**INSTRUCTIONS FOR THE TASK:** The lines to return are those from the line holding "Women’s Christian Butterfly" through the last line of the entries below, both included, written exactly and without pictures.

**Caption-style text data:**
╔══

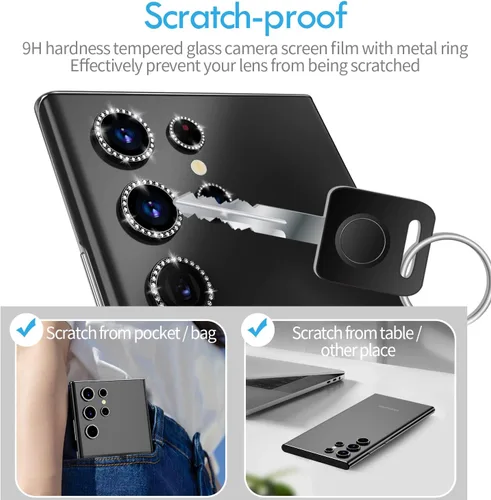 Miniatura 5 de Bling - Protector de lente de cámara para Samsung Galaxy S22 Ultra solamente, cubierta de anillo de lente de ajuste completo con película de Negro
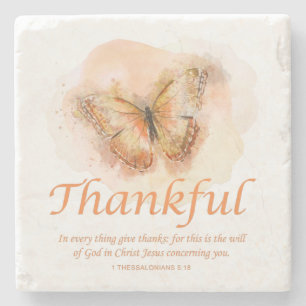 Women’s Christian Butterfly Bible Verse: Thankful  Stone Coaster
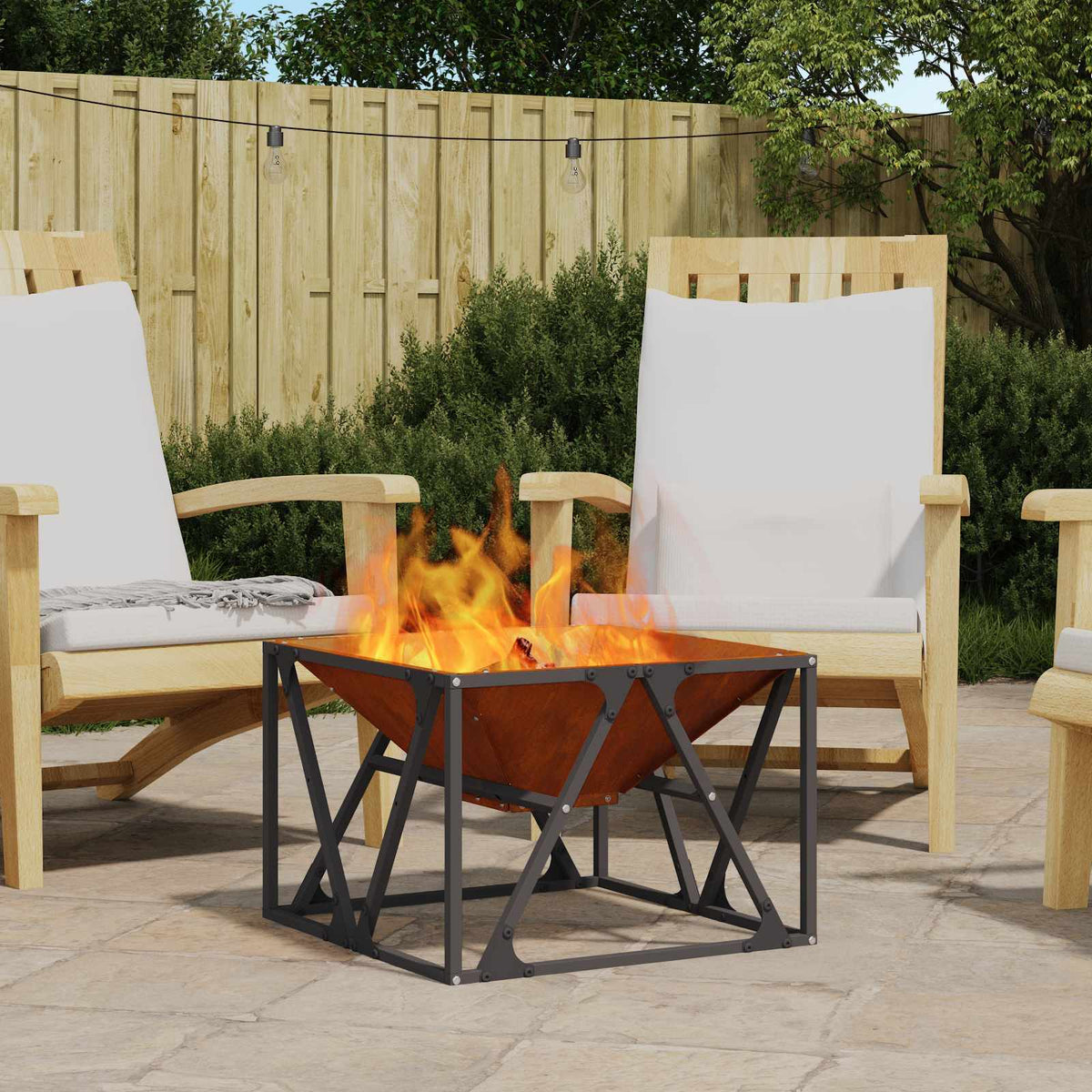 Feuerstelle Rostig 50 x 50 x 35 cm Wetterfeststahl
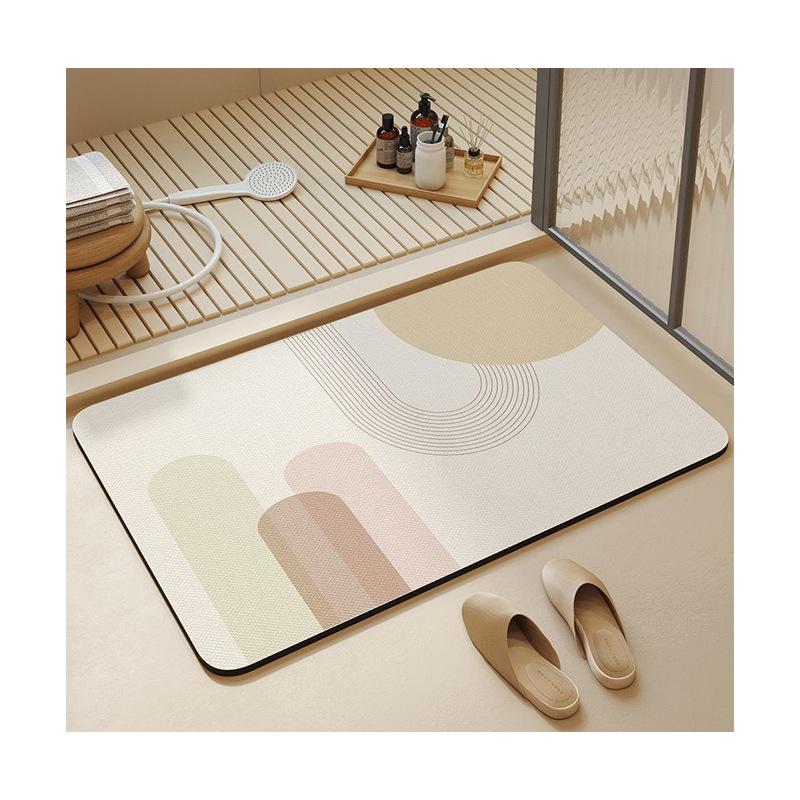 Cream Wind Diatom Mud Floor Mat Bathroom Water-Absorbing Quick-Drying Floor Mat Household Bathroom Door Non-Slip Easy To Take Care Of Floor Mat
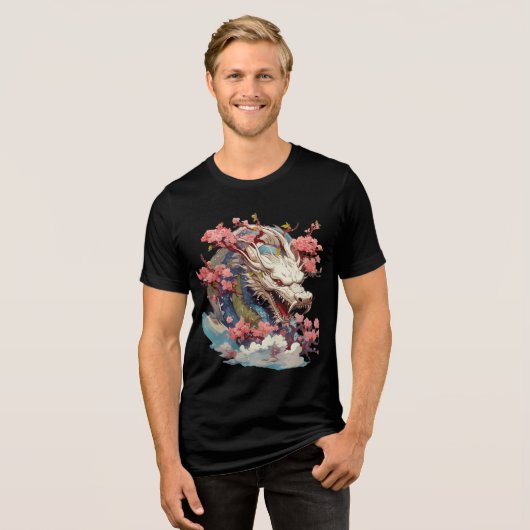 White Dragon with Blossoms Fantasy Art Tri-Blend Shirt (Voorkant volledig)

╚══

**ANSWER AREA:**
 Women’s Christian Butterfly Bible Verse: Thankful  Stone Coaster
 Feuerstelle Rostig 50 x 50 x 35 cm Wetterfeststahl
 Cream Wind Diatom Mud Floor Mat Bathroom Water-Absorbing Quick-Drying Floor Mat Household Bathroom Door Non-Slip Easy To Take Care Of Floor Mat
 White Dragon with Blossoms Fantasy Art Tri-Blend Shirt (Voorkant volledig)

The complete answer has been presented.